While Terry was serving Decatur, the church built its first educational building in 1952, which added classrooms and resulted in the church having its first indoor restrooms and first baptistery, according to the church history.

Terry would go on to earn a Master of Business Administration Degree from the University of Arkansas in 1965 and received a Doctor of Humane letters degree from Linda Vista Baptist College in San Diego, Calif., according to a January 1985 article in JBU's student newspaper.

Terry began teaching at JBU in 1962 as a professor of business and economics, the article states. University records show Terry served as director of development from 1972 until 1976 and as a part-time instructor of economics again in 1985, according to Julie Gumm, JBU director of marketing and communications.

John Brown III, former university president, said that Terry served as his professor of economics when he was attending the university and was the director of development when he began working at JBU in 1974.

"He was a mentor and a friend to many of us who took classes on campus," Brown said. "My dad had called him to serve in administration and he served the university well in that capacity."

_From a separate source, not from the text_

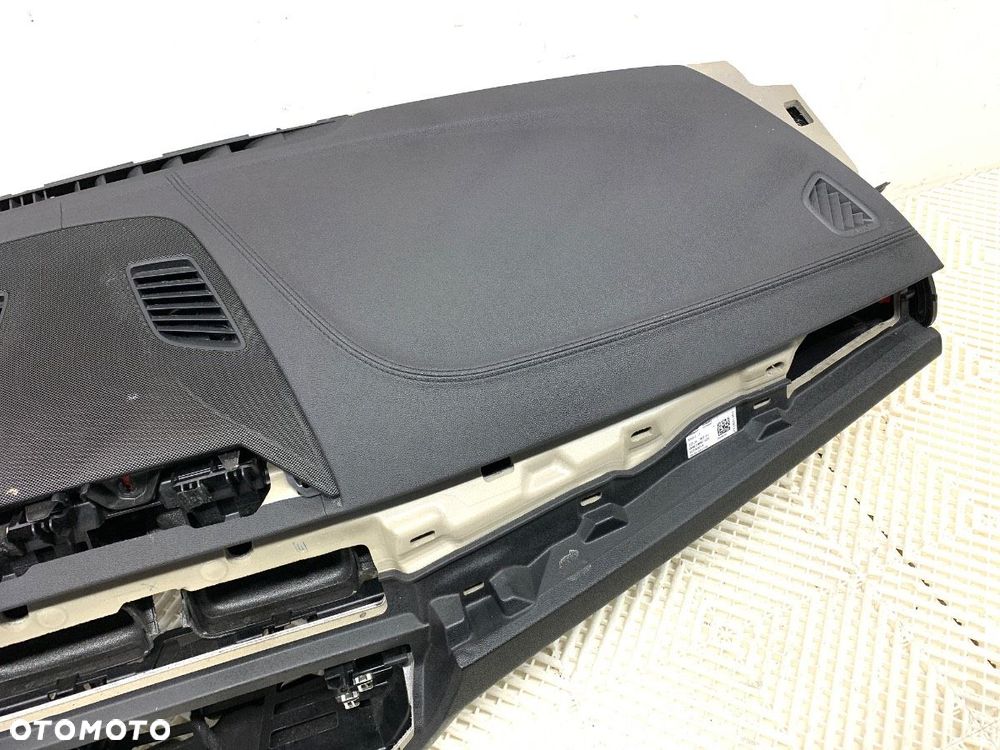 KOKPIT Z PODUSZKĄ PASAŻERA  BMW 5 (G30, F90) 2016 - 2022 M5 Competition 460 kW [625 KM] benzyna - 3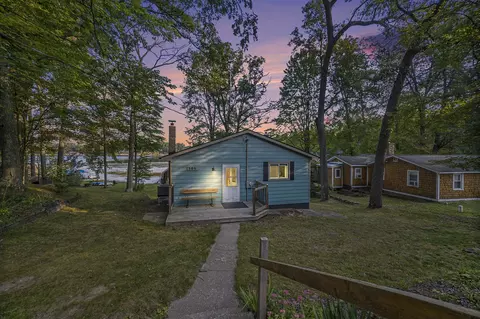 309 Harbison, Bitely, MI 49309 photo 2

City records show Terry served as Siloam Springs mayor in 1978 and 1979, according to Holland Hayden, city communications manager.

Terry was also a former member of the Siloam Springs Rotary Club, served for 16 years on the Arkansas Council of Economic Education, and was a member and former chairman of the Arkansas Southern Baptist Association, Wasson said.

Terry authored two books -- "Dictionary of Business and Finance" and "International Management Handbook" -- published by the University of Arkansas Press, his obituary states. He also wrote an economics column for "The Northwest Arkansas Times" and the "Siloam Springs Herald-Leader."

Abercrombie and Terry became lifelong friends and he continued to visit the former pastor in the nursing home until visitors were no longer allowed because of the covid-19 pandemic. Abercrombie remembers Terry as a strong leader, a good counselor and a very likeable person, he said.

Wasson remembers Terry as an "incredible person." During the past 10 years, Terry continued to officiate funerals even though he was no longer able to drive. Wasson, owner and operations manager of Wasson Funeral Home, said he would often pick Terry up on the way to funerals and they spent many hours in the car together.

"We had great life conversations, I learned a lot from him," he said.